# Walnut peppermill



## Mike Jones (Nov 1, 2012)

[attachment=12963]

Black Walnut 12" peppermill. I've been using Crystalac grain filler on open grain wood like this, and really like it. Two applications is equal to maybe 5 or 6 coats of lacquer sanding sealer. this one was lacquered and buffed with a wax wheel.


----------



## woodtickgreg (Nov 1, 2012)

Very nice form, love the beading on it too!


----------



## TimR (Nov 1, 2012)

Nice flow to the mill, I also like the beading work you did. Looks like it will be comfortable to use.

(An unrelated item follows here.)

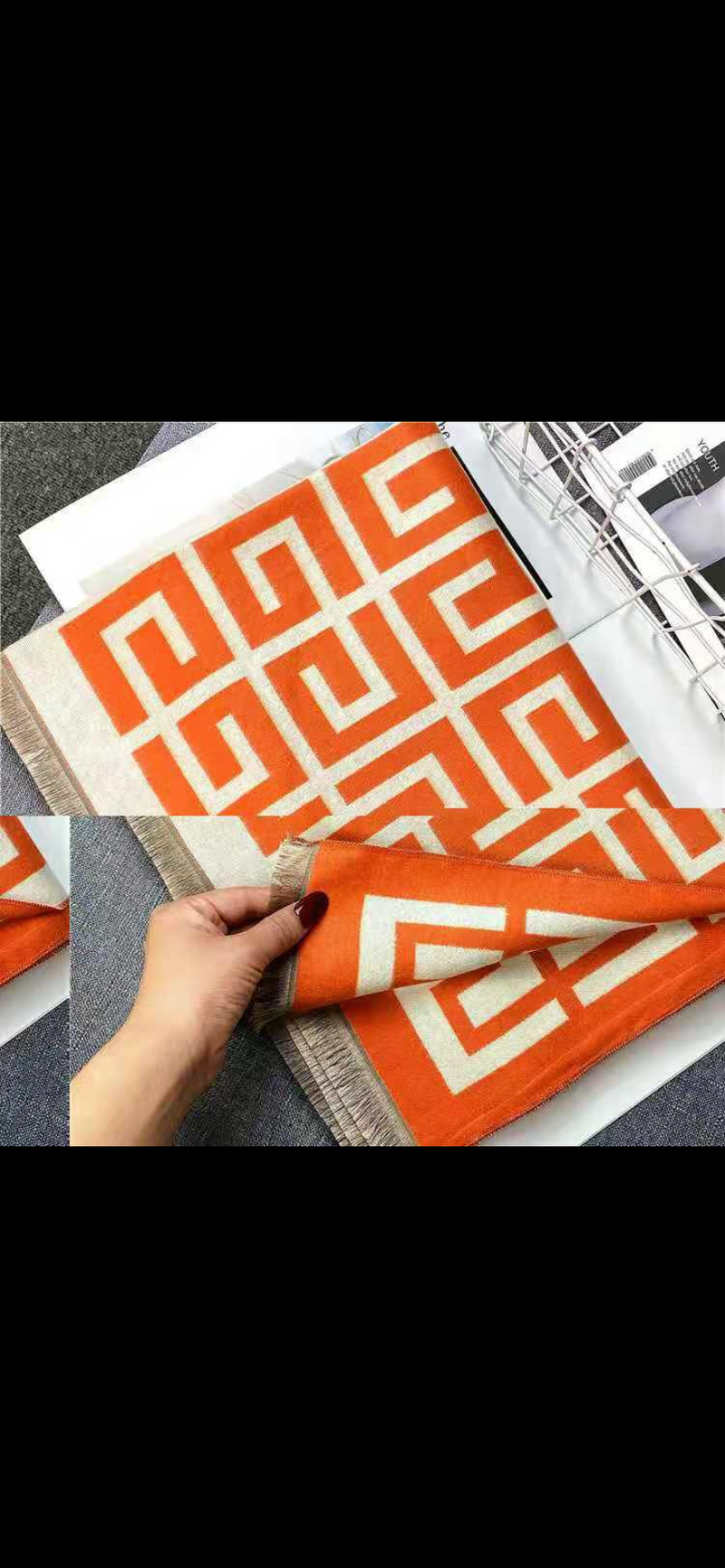 DESIGNER INSPIRED CASHMERE GG PATTERN WRAP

Very nice!!


----------



## DKMD (Nov 1, 2012)

Great shape and finish! That's the first I've heard of crystalac... Off to do some research!


----------



## myingling (Nov 1, 2012)

Nice !! Like the shape


----------



## BassBlaster (Nov 1, 2012)

I love walnut peppermills!!! The shape is way cool, makes it look a whole lot taller than 12".


----------



## Kenbo (Nov 1, 2012)

I love it. This one has an incredible shape. Very nicely done.


----------



## NYWoodturner (Nov 2, 2012)

Beautiful mill ! I agree with Greg on the beading. It make's a more elegant transition from the body to the head. Nice job !
Scott


----------



## BarbS (Nov 3, 2012)

Very, very pretty. There's a lot of character in that wood, and your finish is perfect. Nice!


----------